Comme l’écrit l’UGICT-CGT, « Voilà qui est de nature à créer un marché juteux pour les fonds d’épargne retraite qui lorgnent sur l’épargne des français·e·s et coûtera très cher à nos systèmes de retraite solidaires » [5]. Même le Figaro reconnait que « les cadres gagnant plus de 10 000 euros par mois seront de fait incités à investir dans une retraite par capitalisation pour leur retraite » [6].
Agnès Pannier-Runacher a elle-même vendu la mèche ce matin : « Au delà de 120 000 euros (de revenu annuel), ce n’est pas à la solidarité nationale de s’occuper de la retraite de ces gens là ». Comment dire plus clairement que la réforme des retraites va inciter les hauts revenus à souscrire une retraite complémentaire par capitalisation ?
Pourquoi la France n’est pas un smarties pour BlackRock ?
Dans l’interview donnée en juin 2019, Jean-François Cirelli lui-même ne cachait pas les ambitions de son entreprise en France : « BlackRock veut être beaucup plus présent dans ce beau pays et nous avons de grandes ambitions pour BlackRock en France ». Pourquoi la secrétaire d’État nie-t-elle ce que même BlackRock reconnait ?
Si la France était un smarties pour BlackRock, pourquoi Larry Fink aurait-il été reçu en personne par Emmanuel Macron à plusieurs reprises ?

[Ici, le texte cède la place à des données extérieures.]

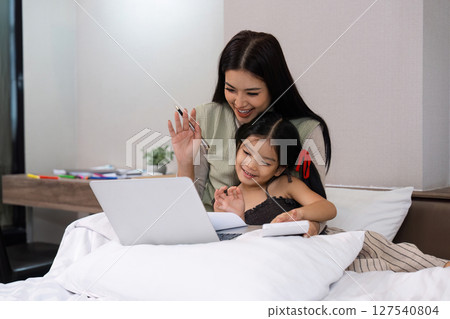 Work from home, freelance and lifestyle concept. Portrait of creative asian female sitting on bed with laptop and her take care of her kid while working 127540804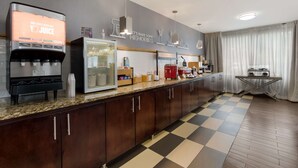A modern kitchen with a juice dispenser, refrigerator, and a coffee machine.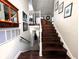 Elegant staircase with wooden steps and white railings, providing access to the upper floors and basement area at 21 Osage Ct, Columbus, IN 47201
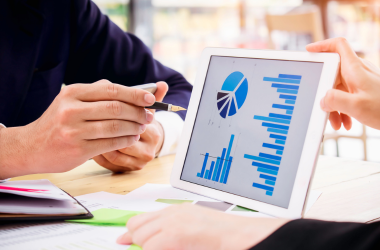 Zwei Personen beraten mit einem Tablet und Statistiken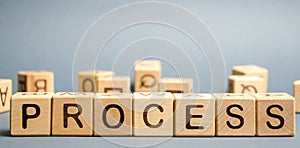 Wooden blocks with the word Process. Business management concept. Litigation and technological processes photo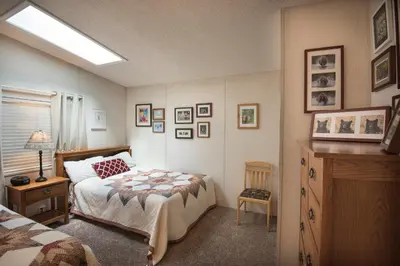 a bedroom with a bed and a dresser in it at Rosenberg's Creekside Cabin in Wawona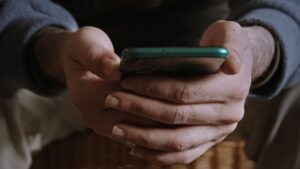 zbliżenie: męskie dłonie trzymające telefon o ciemnozielonej obudowie.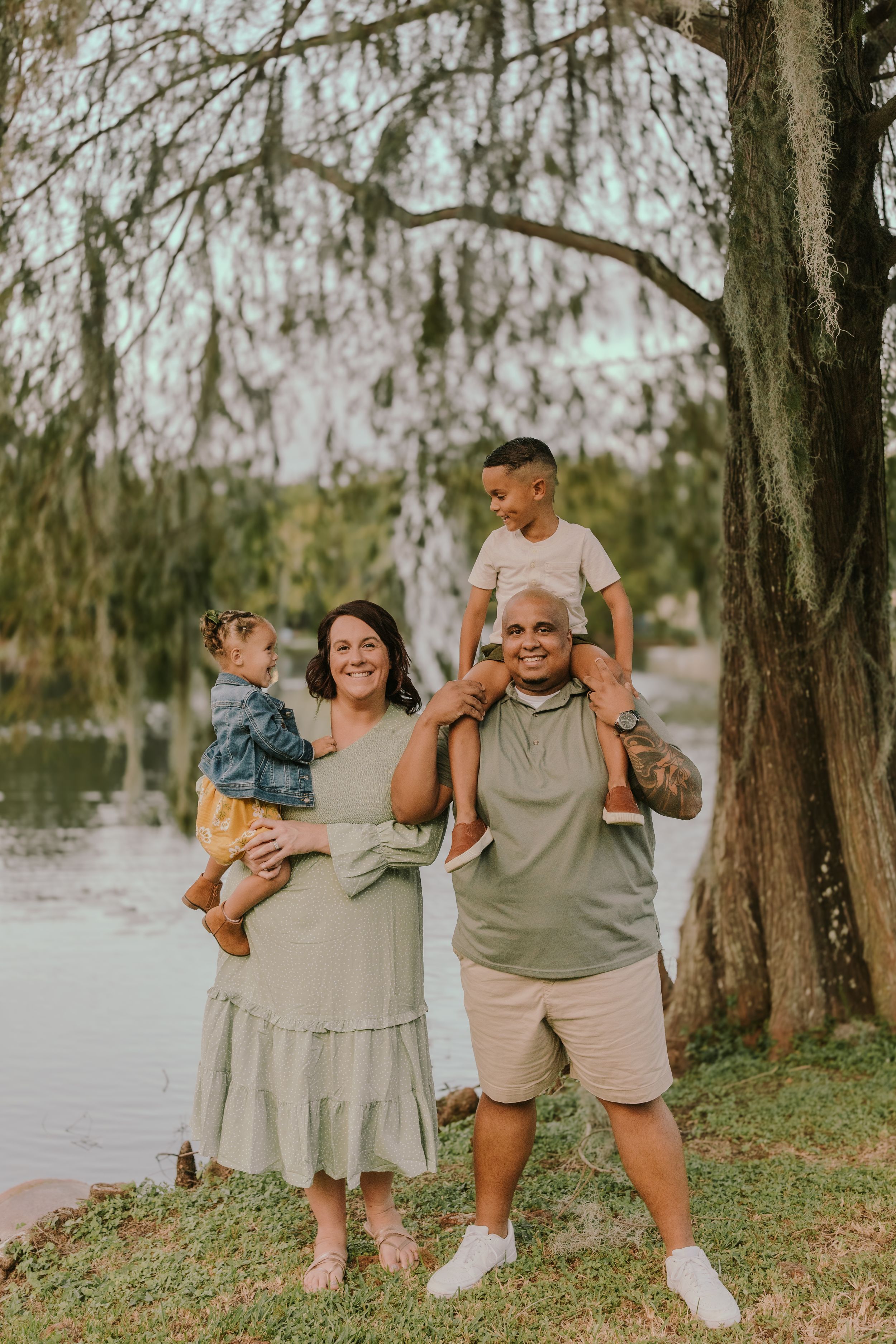 Joyful family photo session with everyone embracing and laughing by the water.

Et si la France était insignifiant pour BlackRock, pourquoi est-elle présente au capital d’au moins 18 entreprises du CAC 40 ? Pourquoi détient-elle autour de 5% du capital de BNP-Paribas, Société générale, Vivendi, Michelin, Vinci ou encore Total ? Au total, BlackRock détenait 1,9% du capital des entreprises du CAC 40 fin 2017, selon Euronext.
L’observatoire des multinationales a même montré que les multinationales du CAC 40 sont d’autant plus généreuses envers leurs actionnaires lorsque BlackRock est un actionnaire important : la firme fait cracher du cash aux multinationales françaises au détriment de l’investissement.
Pourquoi nommer Jean-François Cirelli officier de la légion d’honneur pose problème ?
Selon Agnès Pannier-Runacher la légion d’honneur accordée au patron de la branche française était une « pure coïncidence ». Elle justifie cette nomination en expliquant que « Ca fait 40 ans qu’il (Jean-François Cirelli) travaille pour le public (…) c’est quelqu’un qui a travaillé au FMI, au ministère de l’Economie et des Finances, qui a été collaborateur du Premier ministre, qui a été dirigeant de GDF Suez et qui aujourd’hui sert la cause de la France en disant que la France est un pays où il fait bon investir ».
Or, Jean-François Cirelli a reçu la Légion d’honneur en 2006, puis a été élevé chevalier en 2009 : voilà qui récompense son travail « pour le public ». Mais depuis, qu’a t-il fait pour mériter d’être élevé au rang d’officier de la Légion d’honneur ? Est-ce pour avoir mené à bien la privatisation de GDF lorsqu’il en était président ? Est-ce pour le remercier de participer au Comité action publique 2022 (CAP 22) qui a été chargé en octobre 2017 par le premier ministre Edouard Philippe de réfléchir à une réforme des missions de l’État en France ? Si c’est le cas, nous aimerions savoir quel type de réflexions a fourni cet expert en privatisations pour réformer les missions de l’État en France ! Faut-il rappeler que le rapport du CAP 22, rédigé en 2018, préconisait de restreindre le périmètre de l’action étatique ? Si Jean-François Cirelli est un « grand serviteur de l’État », c’est au service du dépeçage de l’État.